──────── INPUT RECORDS

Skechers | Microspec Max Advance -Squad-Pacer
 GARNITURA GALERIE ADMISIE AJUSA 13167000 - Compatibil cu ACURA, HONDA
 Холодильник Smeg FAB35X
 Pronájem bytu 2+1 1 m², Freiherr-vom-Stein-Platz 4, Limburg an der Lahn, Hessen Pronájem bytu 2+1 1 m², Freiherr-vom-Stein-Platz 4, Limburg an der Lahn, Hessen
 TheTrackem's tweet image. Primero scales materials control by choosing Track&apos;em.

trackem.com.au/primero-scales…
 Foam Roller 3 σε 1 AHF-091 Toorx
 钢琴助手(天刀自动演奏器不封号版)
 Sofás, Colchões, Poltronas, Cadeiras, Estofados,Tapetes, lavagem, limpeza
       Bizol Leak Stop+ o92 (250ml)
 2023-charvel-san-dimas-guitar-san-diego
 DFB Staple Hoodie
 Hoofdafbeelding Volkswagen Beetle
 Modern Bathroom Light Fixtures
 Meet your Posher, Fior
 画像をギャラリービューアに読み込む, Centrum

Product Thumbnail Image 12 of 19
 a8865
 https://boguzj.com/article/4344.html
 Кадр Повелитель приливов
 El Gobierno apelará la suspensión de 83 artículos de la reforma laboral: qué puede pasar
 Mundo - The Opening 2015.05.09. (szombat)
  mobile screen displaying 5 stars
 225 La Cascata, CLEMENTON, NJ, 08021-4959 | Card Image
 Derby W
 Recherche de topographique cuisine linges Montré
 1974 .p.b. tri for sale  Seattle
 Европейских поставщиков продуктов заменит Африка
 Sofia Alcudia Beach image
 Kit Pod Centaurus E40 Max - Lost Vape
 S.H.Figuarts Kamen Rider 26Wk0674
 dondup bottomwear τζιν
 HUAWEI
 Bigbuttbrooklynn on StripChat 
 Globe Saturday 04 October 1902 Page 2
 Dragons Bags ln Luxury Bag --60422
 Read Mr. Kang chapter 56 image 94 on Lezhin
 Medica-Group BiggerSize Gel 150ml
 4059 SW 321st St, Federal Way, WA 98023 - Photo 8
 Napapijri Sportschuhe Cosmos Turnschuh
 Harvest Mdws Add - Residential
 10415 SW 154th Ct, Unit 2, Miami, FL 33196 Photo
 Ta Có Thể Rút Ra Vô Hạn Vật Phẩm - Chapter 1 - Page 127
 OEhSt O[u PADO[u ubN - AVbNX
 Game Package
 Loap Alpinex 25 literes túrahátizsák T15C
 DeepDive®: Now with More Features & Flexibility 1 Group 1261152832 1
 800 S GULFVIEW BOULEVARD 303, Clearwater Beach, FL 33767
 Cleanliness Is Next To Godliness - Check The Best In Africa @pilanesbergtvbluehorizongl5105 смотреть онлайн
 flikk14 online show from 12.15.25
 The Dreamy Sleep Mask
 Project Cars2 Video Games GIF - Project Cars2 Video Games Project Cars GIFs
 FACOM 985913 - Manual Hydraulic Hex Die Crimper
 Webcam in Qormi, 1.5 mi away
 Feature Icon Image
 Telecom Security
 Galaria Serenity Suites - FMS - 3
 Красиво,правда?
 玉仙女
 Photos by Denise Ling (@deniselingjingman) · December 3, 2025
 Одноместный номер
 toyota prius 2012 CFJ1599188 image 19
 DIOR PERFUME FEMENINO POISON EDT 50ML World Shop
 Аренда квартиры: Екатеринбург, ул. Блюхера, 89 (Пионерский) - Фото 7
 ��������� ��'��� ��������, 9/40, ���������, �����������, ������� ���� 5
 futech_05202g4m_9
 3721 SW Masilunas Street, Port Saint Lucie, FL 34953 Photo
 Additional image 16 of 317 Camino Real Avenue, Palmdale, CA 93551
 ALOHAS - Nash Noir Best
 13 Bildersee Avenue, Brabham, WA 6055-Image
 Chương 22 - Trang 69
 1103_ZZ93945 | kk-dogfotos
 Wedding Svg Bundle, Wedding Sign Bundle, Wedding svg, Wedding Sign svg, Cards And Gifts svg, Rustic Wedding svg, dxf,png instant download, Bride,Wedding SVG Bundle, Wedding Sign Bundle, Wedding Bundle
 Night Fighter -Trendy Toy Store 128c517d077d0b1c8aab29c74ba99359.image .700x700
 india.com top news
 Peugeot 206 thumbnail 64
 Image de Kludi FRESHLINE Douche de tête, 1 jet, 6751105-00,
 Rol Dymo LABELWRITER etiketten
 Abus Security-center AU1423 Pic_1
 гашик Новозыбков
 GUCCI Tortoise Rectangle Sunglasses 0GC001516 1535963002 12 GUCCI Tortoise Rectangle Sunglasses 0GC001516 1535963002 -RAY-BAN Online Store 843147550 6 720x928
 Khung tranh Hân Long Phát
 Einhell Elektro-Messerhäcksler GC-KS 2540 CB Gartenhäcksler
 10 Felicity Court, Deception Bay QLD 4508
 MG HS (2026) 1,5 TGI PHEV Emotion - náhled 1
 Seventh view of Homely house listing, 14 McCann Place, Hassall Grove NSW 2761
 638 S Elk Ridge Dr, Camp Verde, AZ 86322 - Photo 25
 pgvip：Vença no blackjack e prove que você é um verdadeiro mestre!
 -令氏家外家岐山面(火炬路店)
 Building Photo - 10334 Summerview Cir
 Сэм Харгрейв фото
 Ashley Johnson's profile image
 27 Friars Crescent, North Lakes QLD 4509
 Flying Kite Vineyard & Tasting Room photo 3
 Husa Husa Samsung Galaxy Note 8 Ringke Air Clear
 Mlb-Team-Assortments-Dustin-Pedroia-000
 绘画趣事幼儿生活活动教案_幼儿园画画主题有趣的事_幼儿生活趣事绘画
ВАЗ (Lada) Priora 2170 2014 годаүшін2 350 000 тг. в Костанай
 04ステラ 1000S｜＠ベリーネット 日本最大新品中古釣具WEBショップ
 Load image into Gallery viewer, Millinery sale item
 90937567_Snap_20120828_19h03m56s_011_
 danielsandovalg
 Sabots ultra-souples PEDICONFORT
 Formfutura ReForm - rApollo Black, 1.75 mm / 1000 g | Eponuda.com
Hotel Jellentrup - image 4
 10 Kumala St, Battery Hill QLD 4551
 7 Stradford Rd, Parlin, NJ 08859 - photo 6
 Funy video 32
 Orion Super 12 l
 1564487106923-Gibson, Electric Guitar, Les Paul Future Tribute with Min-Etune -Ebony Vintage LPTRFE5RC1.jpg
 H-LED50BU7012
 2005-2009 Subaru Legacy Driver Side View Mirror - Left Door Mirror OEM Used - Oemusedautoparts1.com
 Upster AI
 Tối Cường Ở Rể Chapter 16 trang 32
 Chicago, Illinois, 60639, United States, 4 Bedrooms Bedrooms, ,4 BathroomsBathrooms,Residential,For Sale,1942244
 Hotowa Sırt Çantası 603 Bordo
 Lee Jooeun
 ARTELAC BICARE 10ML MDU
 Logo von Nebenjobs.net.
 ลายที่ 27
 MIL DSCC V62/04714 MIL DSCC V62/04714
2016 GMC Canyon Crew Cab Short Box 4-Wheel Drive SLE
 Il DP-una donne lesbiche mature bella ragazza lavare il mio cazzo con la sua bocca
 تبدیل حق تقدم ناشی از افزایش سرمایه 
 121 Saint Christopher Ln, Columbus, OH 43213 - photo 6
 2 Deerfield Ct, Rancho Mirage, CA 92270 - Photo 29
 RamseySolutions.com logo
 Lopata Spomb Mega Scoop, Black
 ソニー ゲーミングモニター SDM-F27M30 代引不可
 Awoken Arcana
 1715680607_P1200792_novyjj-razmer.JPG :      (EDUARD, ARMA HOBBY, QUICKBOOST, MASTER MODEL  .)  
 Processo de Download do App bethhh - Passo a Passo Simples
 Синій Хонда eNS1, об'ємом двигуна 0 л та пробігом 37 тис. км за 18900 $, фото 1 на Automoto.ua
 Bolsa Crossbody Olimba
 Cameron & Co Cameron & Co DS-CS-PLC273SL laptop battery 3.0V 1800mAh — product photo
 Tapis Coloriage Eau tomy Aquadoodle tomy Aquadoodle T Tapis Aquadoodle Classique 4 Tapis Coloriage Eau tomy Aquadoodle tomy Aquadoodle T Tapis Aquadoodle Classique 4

────────────────

PROBLEM DESCRIPTION: The expected answer is a copy of every line in the entries that holds the word "Store".

SOLUTION:
 Night Fighter -Trendy Toy Store 128c517d077d0b1c8aab29c74ba99359.image .700x700
 GUCCI Tortoise Rectangle Sunglasses 0GC001516 1535963002 12 GUCCI Tortoise Rectangle Sunglasses 0GC001516 1535963002 -RAY-BAN Online Store 843147550 6 720x928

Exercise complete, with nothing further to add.